_Work order_
In the listing below, find the line with "Mercedes-Benz B-Class 2019 White for sale" and the line with "https://t.co/1ZPPuEl5ss https://t.co/leKBhoAerU". Repeat those two lines and all lines between them exactly.

_Record excerpts_
•••••

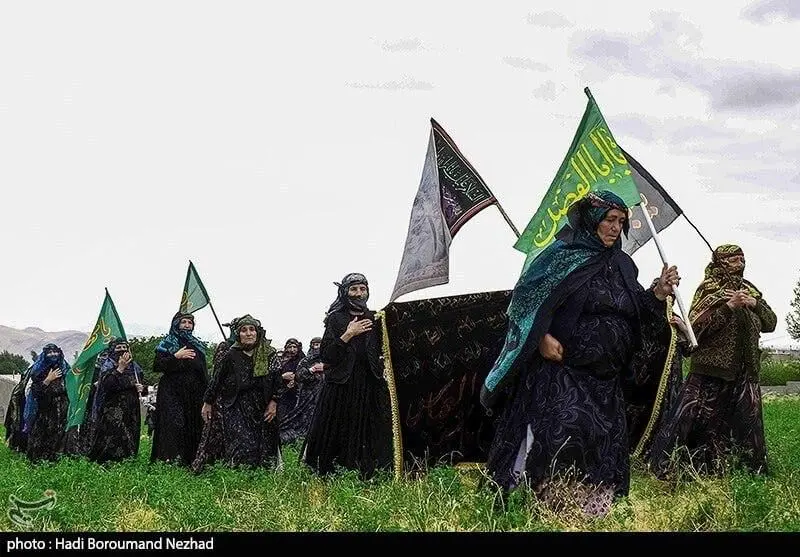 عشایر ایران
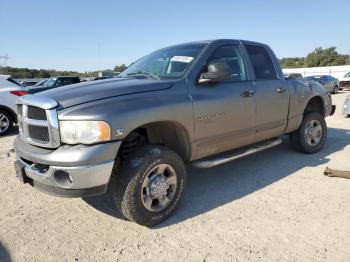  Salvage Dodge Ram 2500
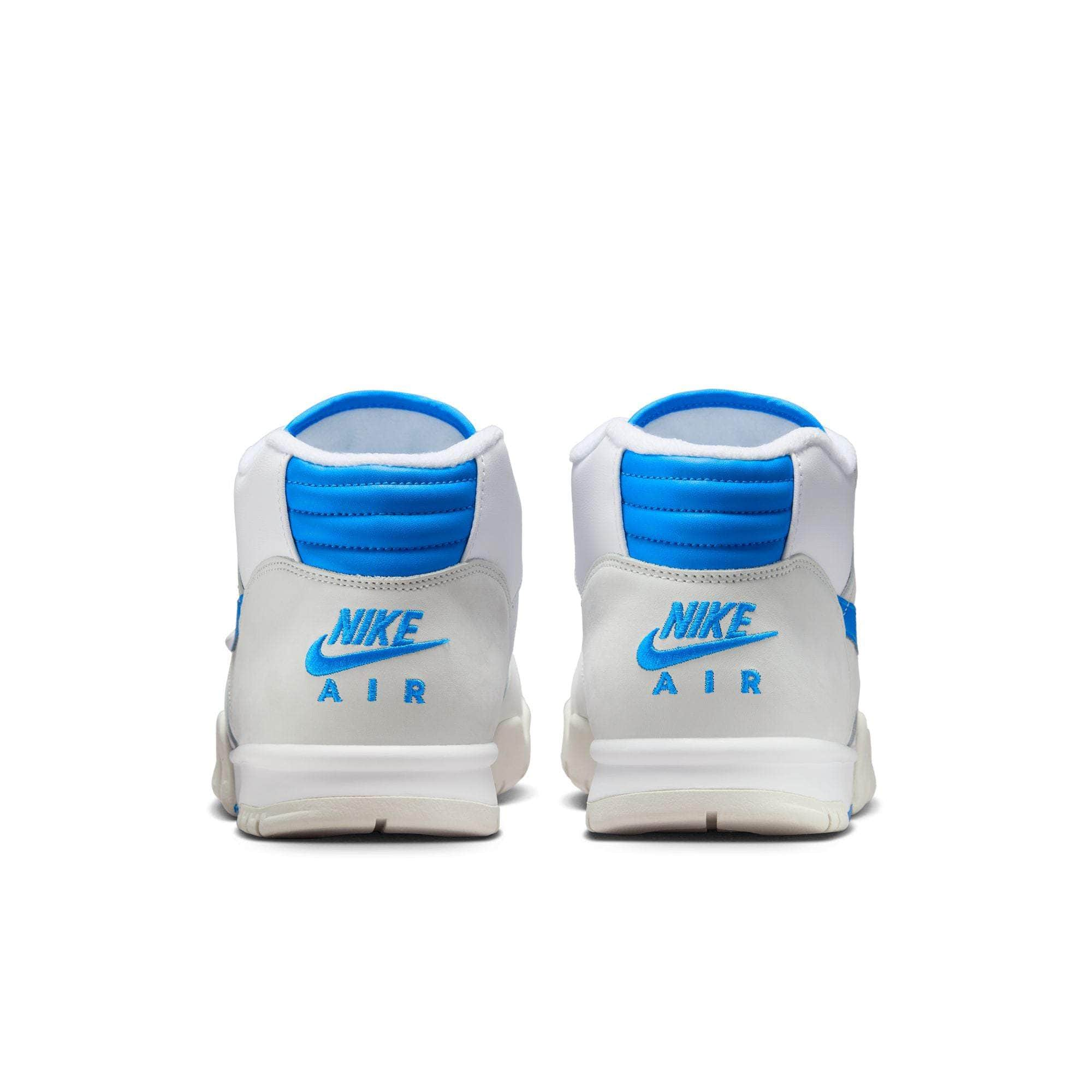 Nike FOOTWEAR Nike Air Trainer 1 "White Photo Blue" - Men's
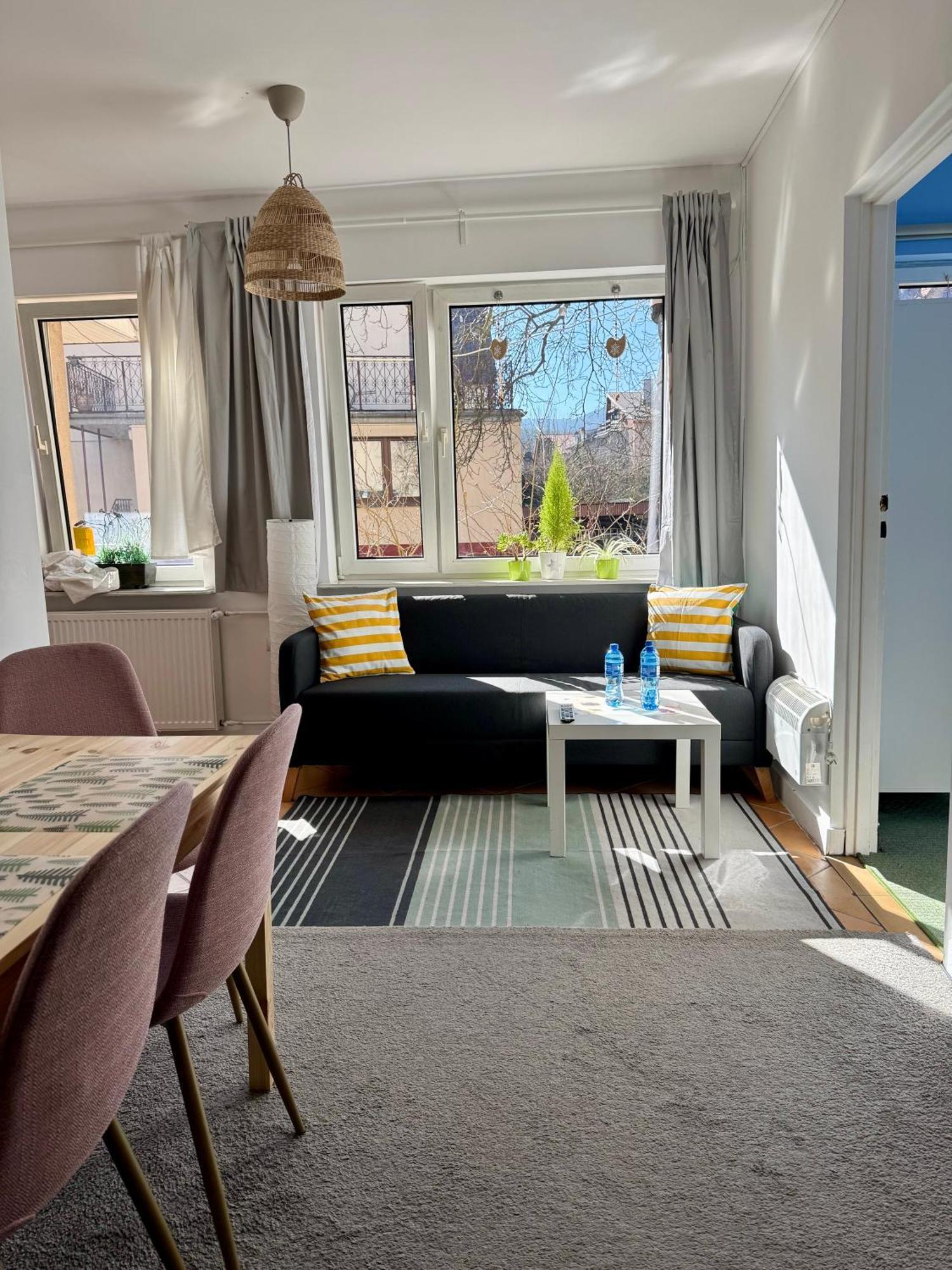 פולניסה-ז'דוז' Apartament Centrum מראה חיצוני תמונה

•••••

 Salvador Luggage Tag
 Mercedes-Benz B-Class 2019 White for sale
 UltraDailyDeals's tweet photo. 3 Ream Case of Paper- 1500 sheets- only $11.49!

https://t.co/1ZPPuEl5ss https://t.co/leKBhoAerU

•••••

_Expected answer_
 Mercedes-Benz B-Class 2019 White for sale
 UltraDailyDeals's tweet photo. 3 Ream Case of Paper- 1500 sheets- only $11.49!

https://t.co/1ZPPuEl5ss https://t.co/leKBhoAerU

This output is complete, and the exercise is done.